Building GUI utilities based on VB6 instead of status quo web technologies might actually be more stable and productive.
I started with VB6 so I'm sometimes nostalgic for it too but let's not kid ourselves.
We might take it for granted but React-like declarative top-down component model (as opposed to imperative UI) was a huge step forward. In particular that there's no difference between initial render or a re-render, and that updating state is enough for everything to propagate down. That's why it went beyond web, and why all modern native UI frameworks have a similar model these days.
I would vote for Delphi/FreePascal, but share the sentiment.
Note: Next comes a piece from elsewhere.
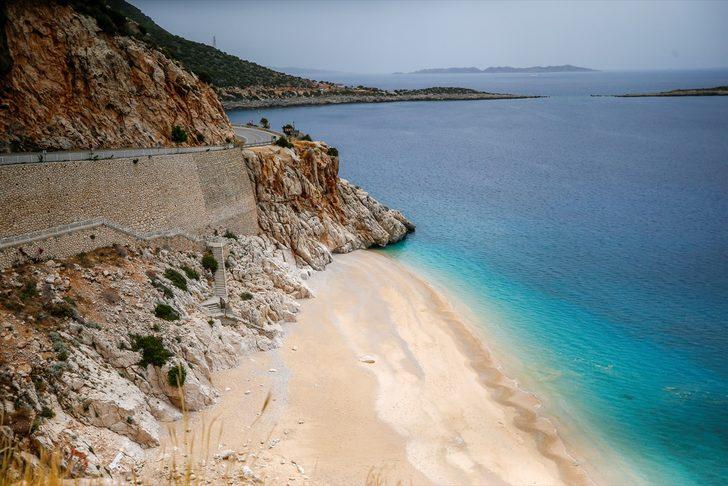 Dünyaca ünlü Kaputaş Plajı'nda koronavirüs sessizliği G3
And more performant. Software written for 2005 Windows runs super fast on todays systems.
Only if I don't need to do anything beyond the built-in widgets and effects of Win32. If I need to do anything beyond that then I don't see me being more productive than if I were using a mature, well documented and actively maintained application runtime like the Web.
If it is made to allow C codes to be combined with VB6 codes easily, and a FOSS version of VB6 (and the other components it might use) is made available on ReactOS (and Wine, and it would also run on Windows as well), then it might be better than using web technologies (and is probably better is a lot of ways). (There are still many problems with it, although it would avoid many problems too.)
Or VB.NET? In some ways it's actually easier than VB6
Honestly, it’s probably faster and less resource intensive through emulation than your average Electron app :-/
I would pick Delphi (with which you can build Windows, Linux, macOS, Android, and iOS apps - https://www.embarcadero.com/products/delphi)
Alternatively, RemObjects makes Elements, also a RAD programming environment in which you can code in Oxygene (their Object Pascal), C#, Swift, Java, Go, or Mercury (VB) and target all platforms: .Net, iOS and macOS, Android, WebAssemblyl, Java, Linux, Windows.